Difficulty Level: 3/5
Forums are a great way to get some targeted traffic, back-links, topic ideas, build awareness of your brand, ect ect ect. Normally you will find endless amounts of forums in each niche, and its really hard to stay onto of. More so with finding topic/threads that you are knowledgeable in, and can contribute too. You will be amazed at what value you can get out of them, by just giving genuine advice and help. Don’t ask/push anything on them, just be a cool person and help out. In a nut sell we are collecting a list of Urls that gscraper scrapes from the bing/google search results of those keywords. It then Filters out any site that’s source code doesnt have one of our custom footprints. Lastly it then removes all the urls that dont have a very specific keyword within the HTML. ( the topic we know a lot about).
Step 1: Data Collection
Load up a file of private proxies or find a decent list of free ones online that will update. If you are planning on doing a lot of scrapping with gscrapper/scrapebox, then you might think about buying some semi private or dedicated proxies. My personal favorite type are called Backconnect, or Reverse Backconnect – Its a ip address that connects to a server that constantly change their address to a “residential looking ip.” This way you have a never ending rotating list of fresh proxies to scrape with without having to update/change anything in the software. Though its not 100% needed, 10 semi private proxies will get a lot of work done for you. You will find this config setup under the Gscraper Proxy Menu tab.
Finding A Free List of Proxies
If you search in google for “txt proxy list” or “inurl:proxy txt” you should find some Page url’s that end with txt. This is important because it needs to be in that format for it to work with gscraper. Enter this url into the Get proxies from own address text box and Import. If the proxy provider updates their list often during the day, or you are scraping them/hosting them yourself then you can select a time frame for it to refresh the page. This will clear and replace all proxies with the new updated list.
Finding A Footprint List
We are trying to look for forums, and generally most people are not going to pay/build a custom coded forum. They are going to use a web application like bbpress or vBulletin. The easiest way is to just google what you are needing list wise. Normally the scraping/seo community will share alot of good info. I googled Forum Footprint list and found this thread on blackhatworld.
Text Mechanic is diffidently bookmark worthy, you will use it alot with alot of the scraping/linking processes. Their Find and Replace is awesome for cleaning up random url/keyword list’s like this, being we dont need the ? in the phrase.
Creating A Laser Targeted Topic Keyword List
Rhymezone, I did end up finding this keyword tool to be more helpful for finding forums. We are really looking for very targeted 1 word phrases that give us a high chance of having the correct niche related results, and this did the best job at that. Long tail keywords would likely pull in a lot of false positive results.

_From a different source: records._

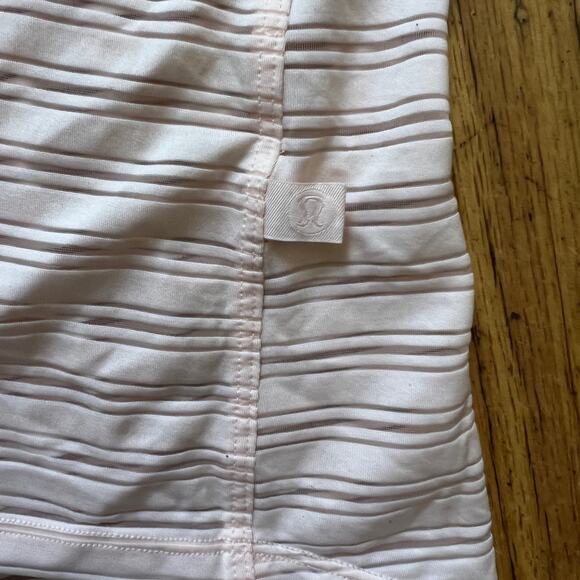 Lululemon Women's Tie In Back Petal Tank Top - Picture 7 of 7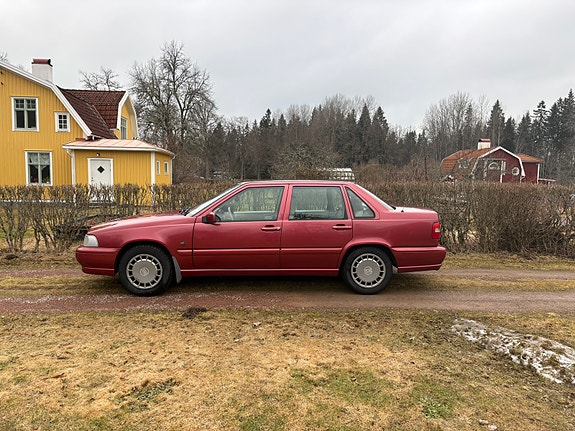 Volvo S70 4 of 4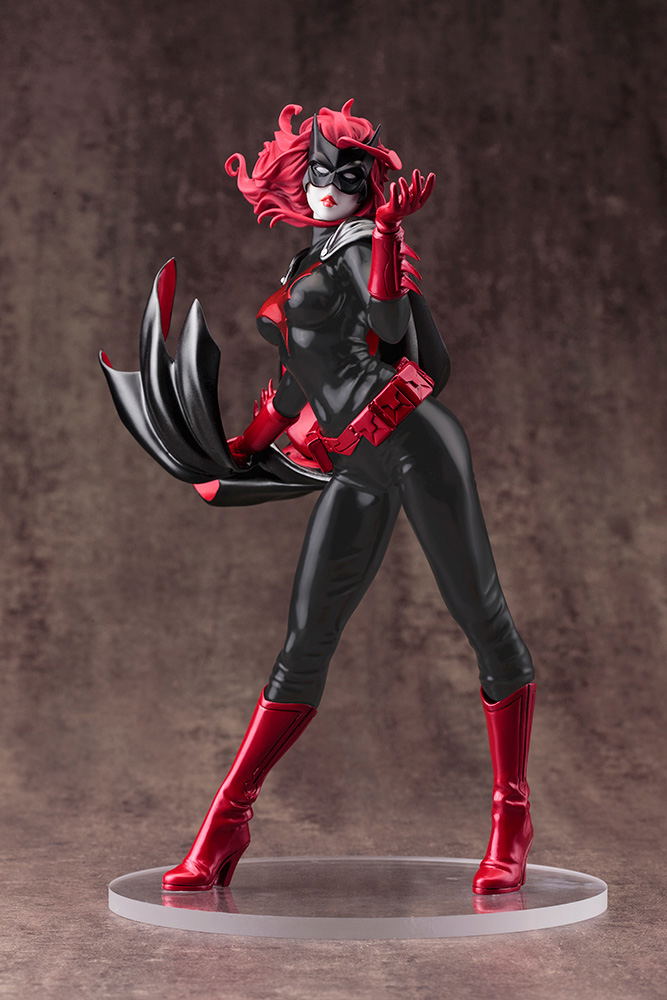 DC Comics Bishoujo DC Universe Batman 1/7 Scale Pre-Painted Figure: Batwoman 2nd Edition image 3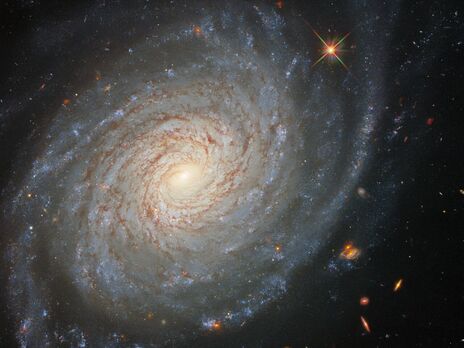 Сфотографована галактика розташована майже за 150 млн світлових років від Чумацького Шляху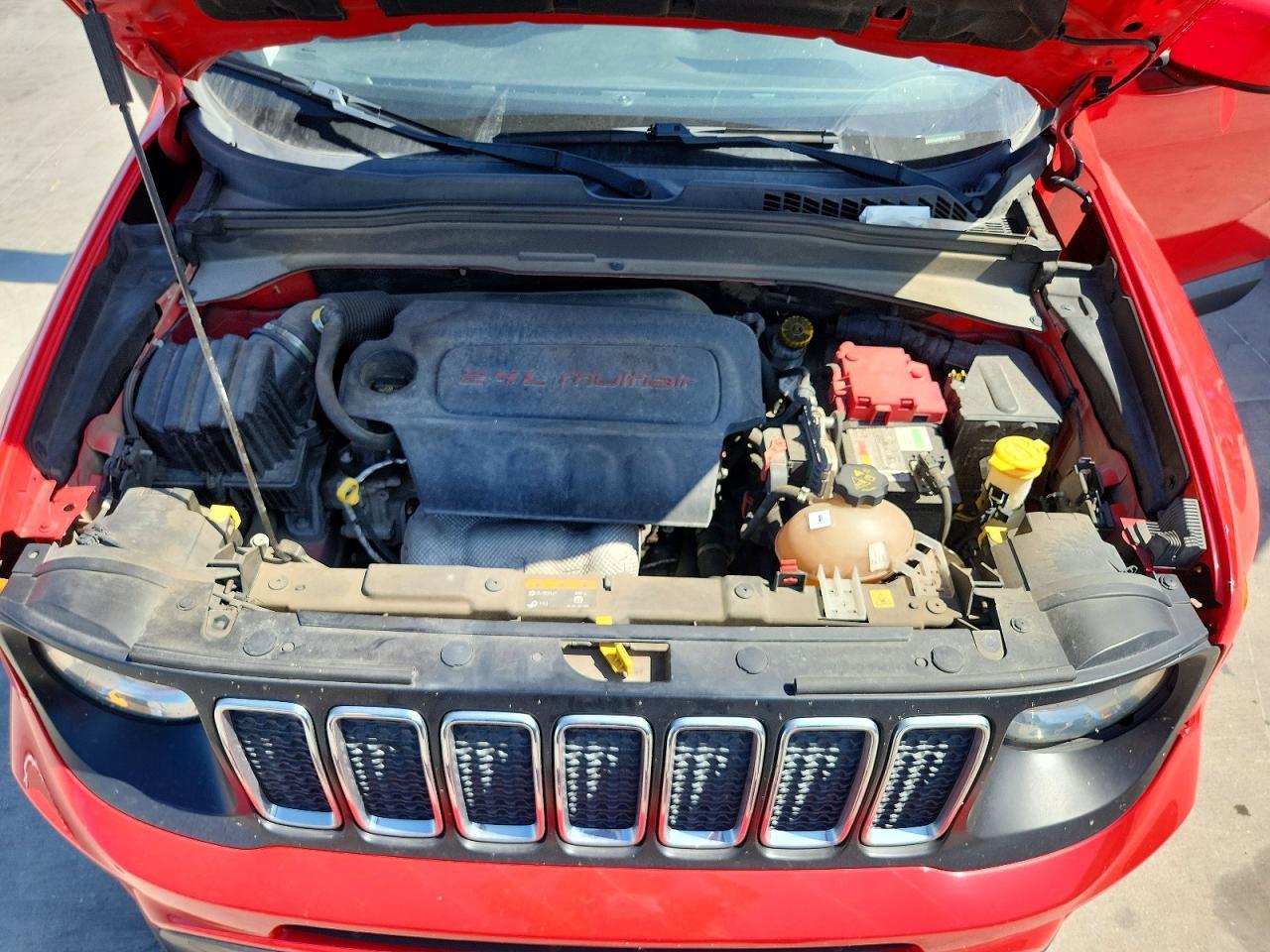 2019 Jeep Renegade Latitude - zdjęcie 12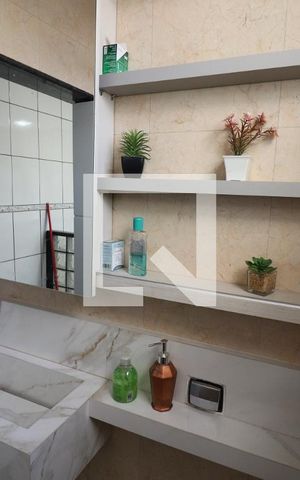 Casa para alugar com 200m², 2 quartos e 2 vagasBanheiro 1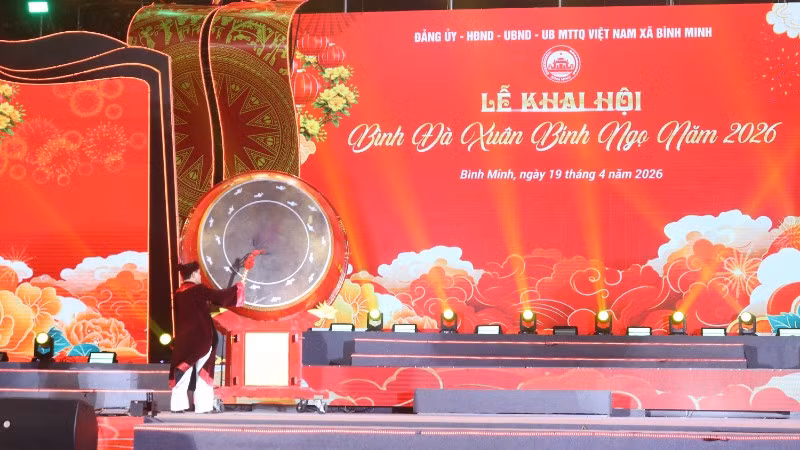 Trống khai hội vang lên mở màn lễ hội Bình Đà Xuân Bính Ngọ năm 2026.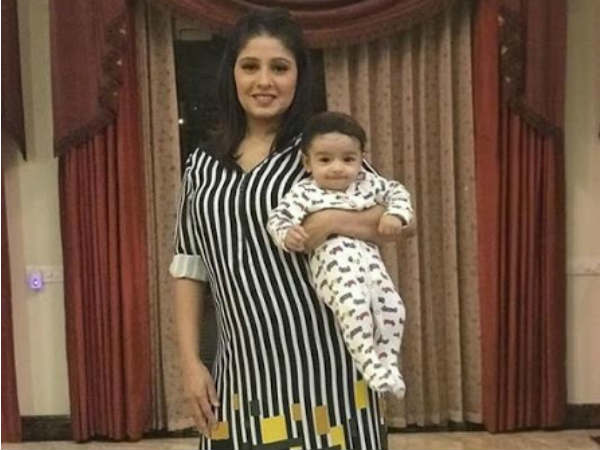 सुनिधि ने बोला अब हम साथ हैं सुनिधि ने बोला अब हम साथ हैं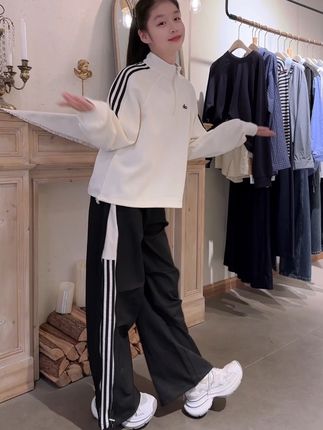 女儿五年级了,身高150体重70斤,穿160码,你们家的多高多重了?#童装 #穿搭
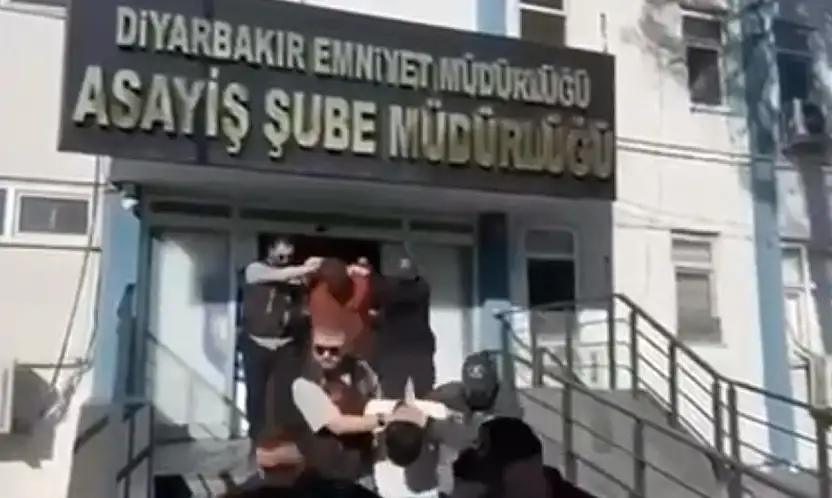 Sosyal medya üzerinden 'güvenli ödeme yöntemi' vaadiyle 641 milyon liralık vurgun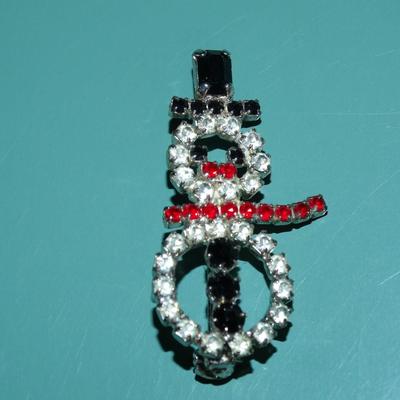 Frosty the Snowman Rhinestone Christmas Pin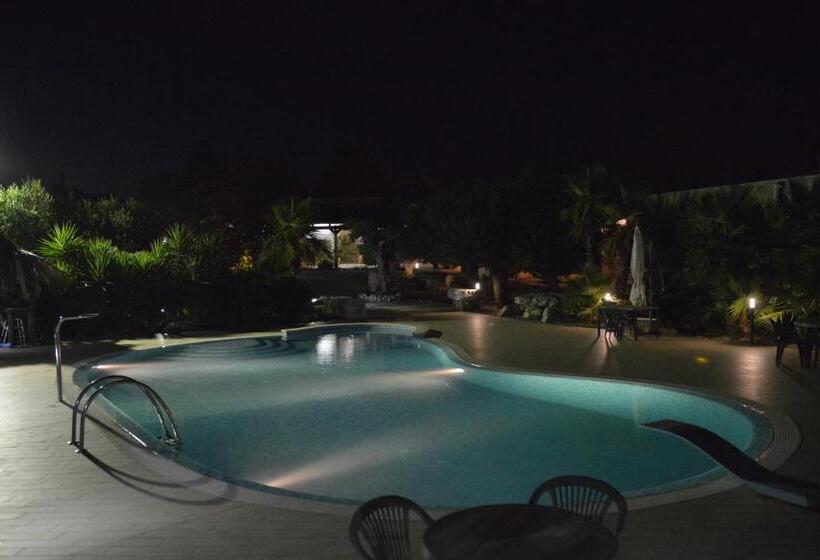 호텔 Masseria Pentima Vetrana Resort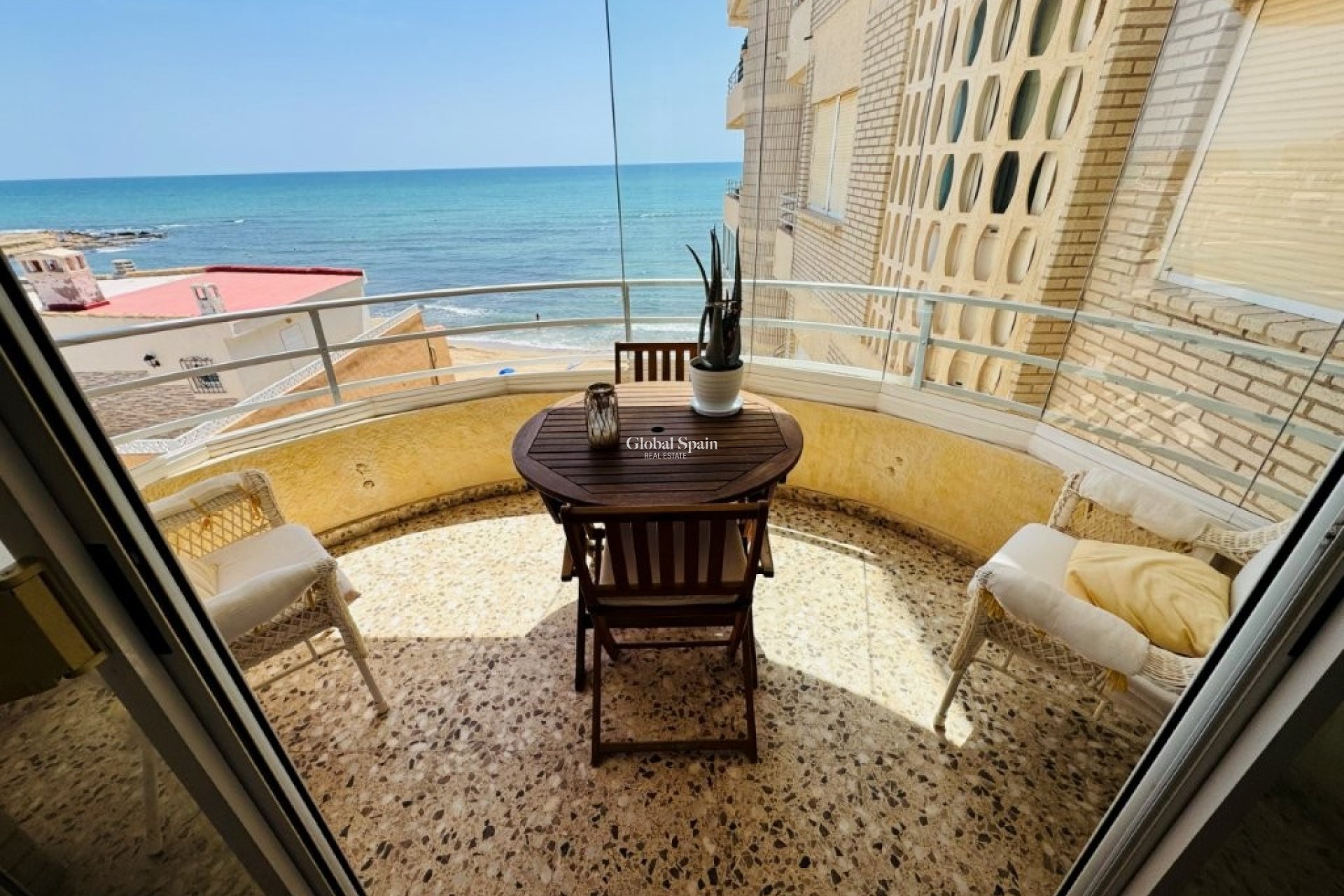 Revente - APPARTEMENT -
LA MATA - Costa Blanca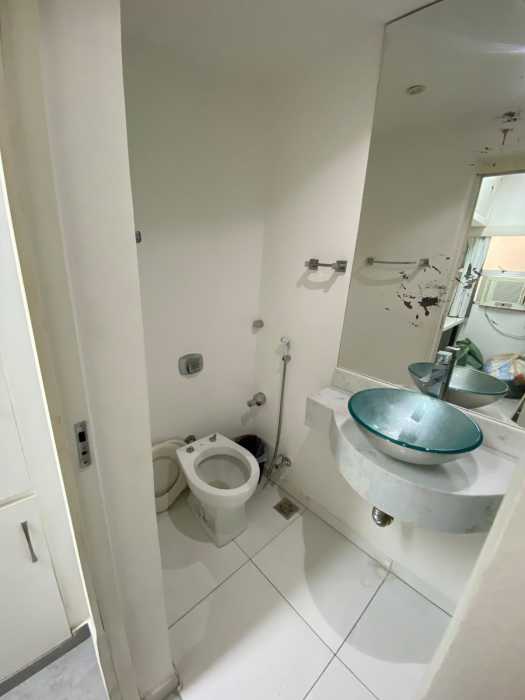 Conheça WhatsApp Image 2026-07-15 at 1 do imóvel - Apartamento à venda Rua Bulhões de Carvalho, Copacabana, Rio de Janeiro - R$ 1.100.000 - AIAP20029 - 10 WhatsApp Image 2026-07-15 at 1 - 10
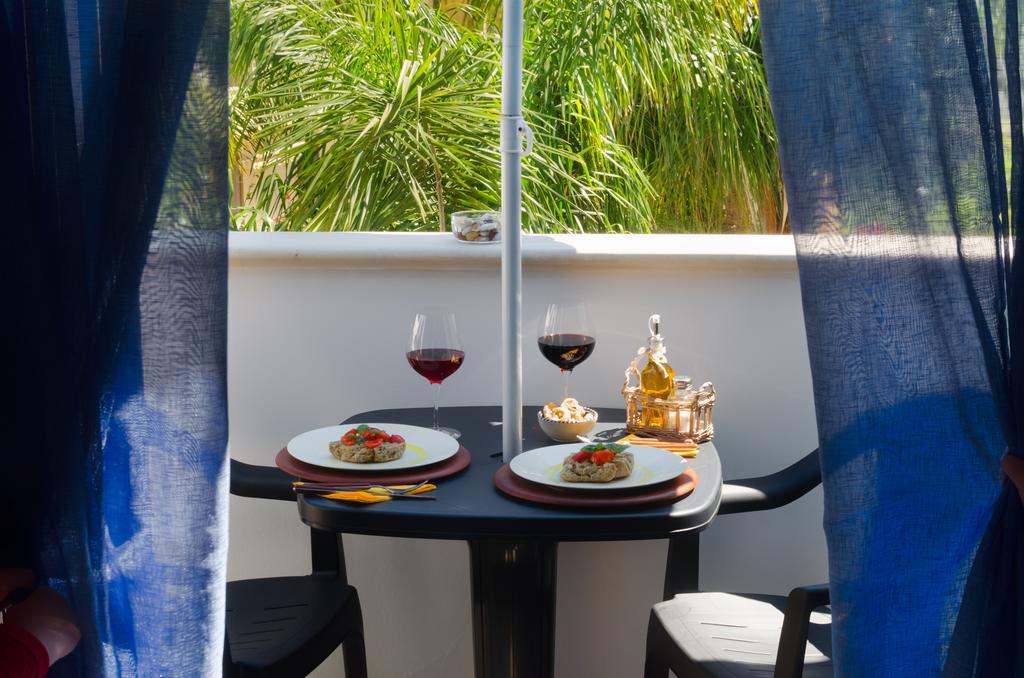 לצ'ה B&B L'Antica Rimessa מראה חיצוני תמונה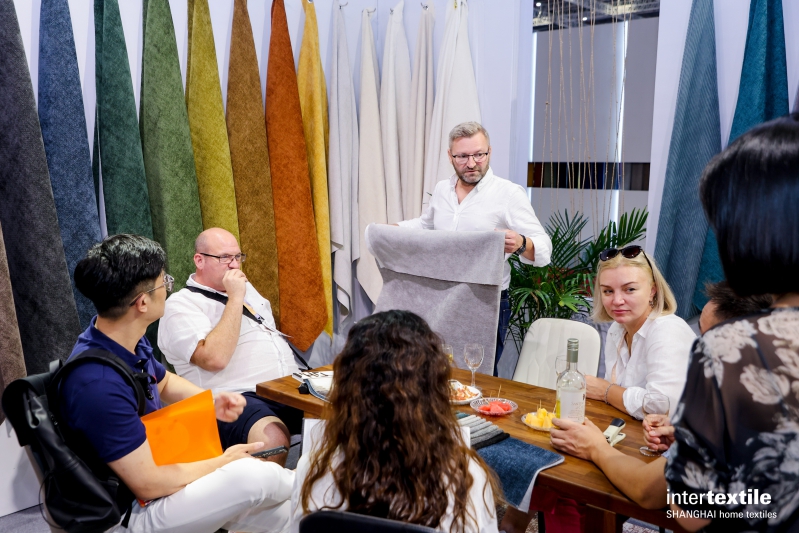 九游娱乐：三十华章再启新程——2024intertextile秋冬家纺展开幕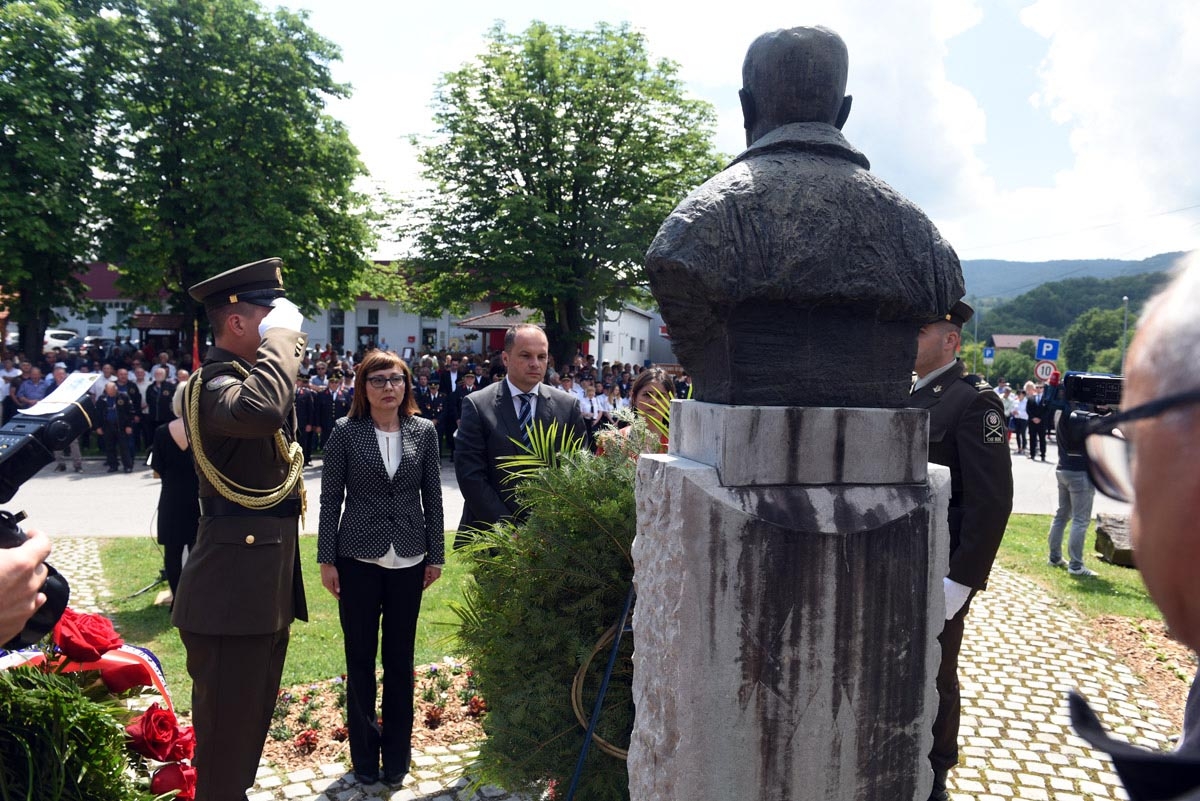 https://www.morh.hr/wp-content/gallery/zrakoplovi-hrz-a-na-xxi-rudijevim-susretima-u-gornjoj-stubici/rudi_13052018_15.jpg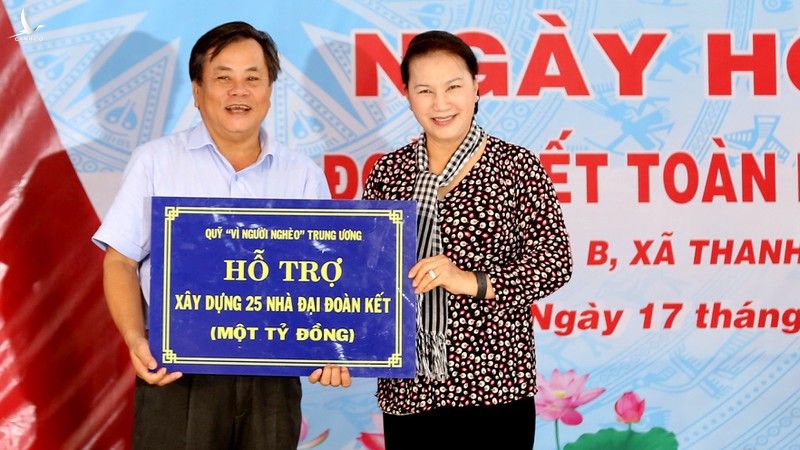 Chủ tịch Quốc hội trao 25 căn nhà đại đoàn kết cho các hoàn cảnh khó khăn của tỉnh Trà Vinh. 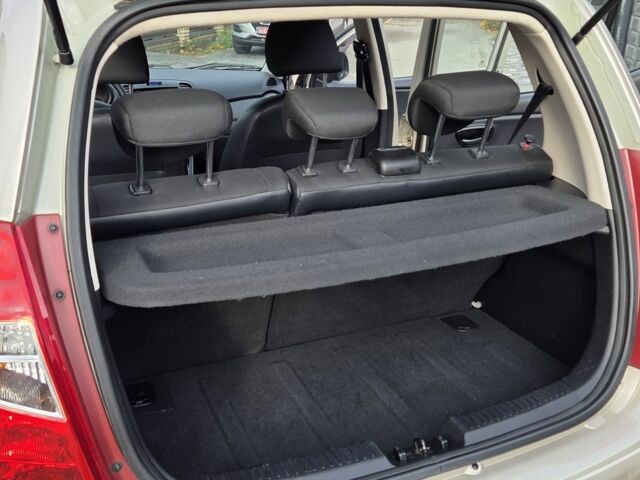 Бежевый Хендай и10, объемом двигателя 1.2 л и пробегом 130 тыс. км за 6500 $, фото 15 на Automoto.ua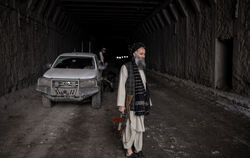 Taliban-Straßensperre am Solang-Pass in Afghanistan.  FOTO: WEIKEN/DPA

Step 2: GScraper Configuration
The Main things to remember is to set a txt file location for the Urls list we are scraping.
Timeout: The amount of time the software waits for the page to load before moving on. 15-30 seconds is normally fine for most people.
Results: If you are looking for recent threads in forums to reply too, that likely will get a response back. Then go ahead and set it to pull results from the last 30 days. If you are just looking for any forums that are related to your niche, then any large time frame will work.
Threads: This really comes down to the proxies you are using, and how many you have. If its dedicated or semi private proxies, they are normally limited to 10 threads Per Proxy. So if you have 10 private proxies, then run 100 threads. If you are using a random list online or scraping fresh ones with another program, then 20-50 threads should be fine for most people.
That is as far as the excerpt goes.